Two important NGOs aiming for community peacebuilding, among others by establishing Peace Shuras, are CPAU and SDO. They have established several hundreds of Peace Shuras in Afghanistan. CPAU mentions to have established some 500 Peace Shuras in their reports. CPAU (Cooperation for Peace and Unity) was established in 1996 and works for the promotion of knowledge and awareness of peace, social justice and human rights as the foundation upon which the nation-building efforts in Afghanistan should be based. Through its ongoing training and coaching programs, CPAU works at district and local level to build up the skills and capacities of local community leaders and representatives from diverse ethnic backgrounds, strengthening the role of community institutions.
SDO (Sanayee Development Organization) was established in 1990. The community-based peacebuilding programs of SDO aim to strengthen the social structures that can enable the constructive transformation of conflicts. By addressing the root causes of conflict, they promote stability, justice, goodwill and cooperation among members of the community. SDO has established some 530 LPCs within 13 provinces.
 
CPAU reaches out in villages to local elders and Community Development Council (CDC) members to begin the process of forming Peace Shuras. All community members are invited to participate in selecting the members of the new Peace Shuras. The villagers elect some 25 male elders to join the new Peace Shura. Membership of the Peace Shura tends to overlap with that of CDCs, a government-supported shura that makes decisions about local development projects. Continuity and overlap with other existing institutions positively affects the local legitimacy of the Peace Shuras. Most disputes are over land/property; access to water, inheritance, family, marriage and financial compensation.

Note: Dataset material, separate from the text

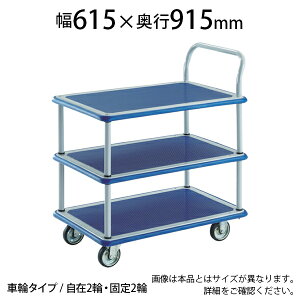 y511`5ԌP5{zTRUSCO vX hL[J[g 3iБ^Cv 615×s915×205(S960)mm 308NgXRR gXR  É Oi { ω׏d300kg LX^[ S~o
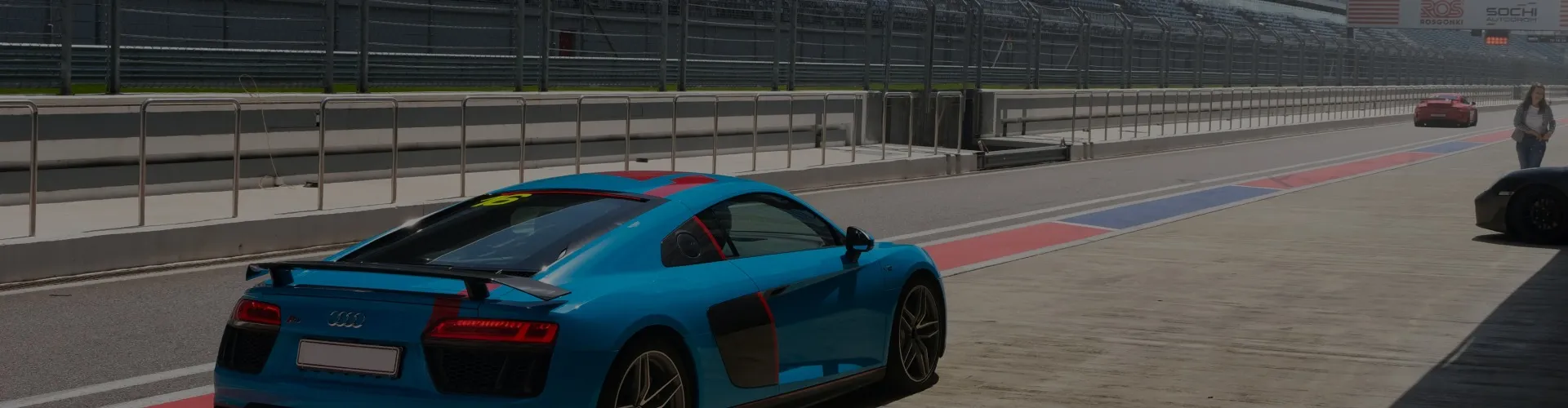 Circuit de Mireval-Goodyear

Where male Peace Shuras were created, some 25 women were also selected by female community members to participate in a women's Peace Shura, addressing family disputes especially when they involve female disputants.
 
Interviewed Peace Shura members estimated that they resolved 80 to 90 per cent of their cases. Consensus has emerged within the development community that non-state/local justice and security networks are often more accountable, efficient, legitimate and accessible providers of justice than the agencies and institutions of the post-colonial state.
Peace Shuras do not solve the overall conflict, but are important in solving many day to day conflicts and stop them from escalating into violence in this volatile country. Peace Shuras, well trained in conflict resolution and peacebuilding, seem to be able to reduce the gap between communities and formal governance structures. [I]
 
A National Solidarity Program (NSP), operated out of Afghanistan's Ministry of Rural Rehabilitation and Development, helps identify, manage and monitor development projects and resources. The NSP provides direct block-grant transfers to democratically elected Community Development Councils (CDCs) at 200 dollars per family. The CDCs improve local governance, making it more accountable and inclusive; they alleviate poverty and provide jobs. There are some 34,000 CDCs in existence, covering 80 to 90 per cent of rural Afghanistan. Many of these CDCs, especially those that are well established, have taken on conflict resolution and peacebuilding tasks. Many observers describe this program as a success. At the national level, a High Peace Council has been established.
Note
[i] - Opportunities and Challenges for Justice Linkages; Case Studies from Kunduz & Takhar; (2010), by CPAU, Cooperation for Peace and Unity, Afghanistan
- Strategic Conflict Analysis of Afghanistan; by Bjorn Holmberg et all; (2012); Swede.peace and CPAU.